石田比呂志『邯鄲線』
冬の味覚の一つといえば、まずは「フグ」。その刺身が河豚刺し(大阪生まれの僕などは「テッサ」と呼ぶが)。細く包丁で引いて、切り身が透けて見えるほどの「薄作り」にする。そうしないと堅い河豚の肉は噛み切れない。透けて見える皿の模様を活かして、目にも美味しく盛りつけるのがよろしい。
薄作りが皿にぴったりと張り付く様子が、「剝がしおり」の語に表れている。その美しい河豚刺しを、がばっと箸で取りあげる。そこには河豚を堪能する喜びと同時に、美しく盛られた形をぐしゃりと崩してしまうことへの喜びがあるだろう。

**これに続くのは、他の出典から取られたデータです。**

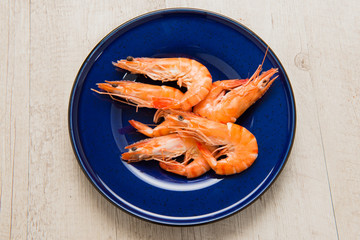 Piatto in ceramica blu con gamberi di mare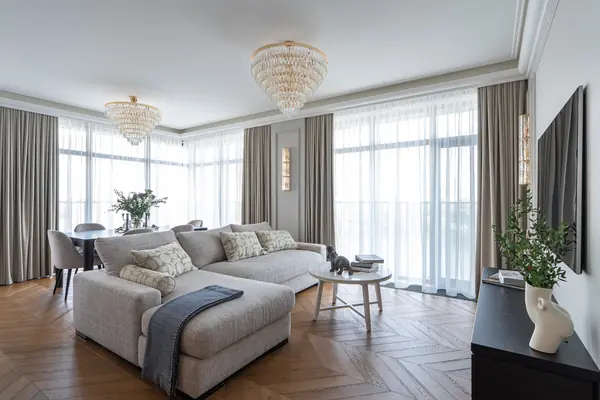 с видом на реку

作者はちょうど葬儀に出てきたところ。参列者と一緒に故人を偲びつつ、一杯やっている風景かもしれない。かしこまった顔つきで弔辞を読み上げた作者が今、公(おおやけ)から私(わたくし)に移るきっかけとして、皿から河豚刺しを引き剝がし、「形」を崩す。これから、故人の悪口話に花が咲くのかもしれない。
こうした人間くささを、硬軟緩急取り混ぜた文体で書きつける石田比呂志の世界。無頼の輩と自称する石田だが、その歌の背景には、江戸俳諧や漢文学の深い素養に裏付けられた、文芸への確かな美意識がある。
居酒屋のいつもの席に慇懃に迎えの<火車>の来るのを待てり
こちらは己の死を思う一首。酔っぱらいながら地獄ゆきの「火車」のお迎えを待つという。齢八十なる不良少年、ここにあり。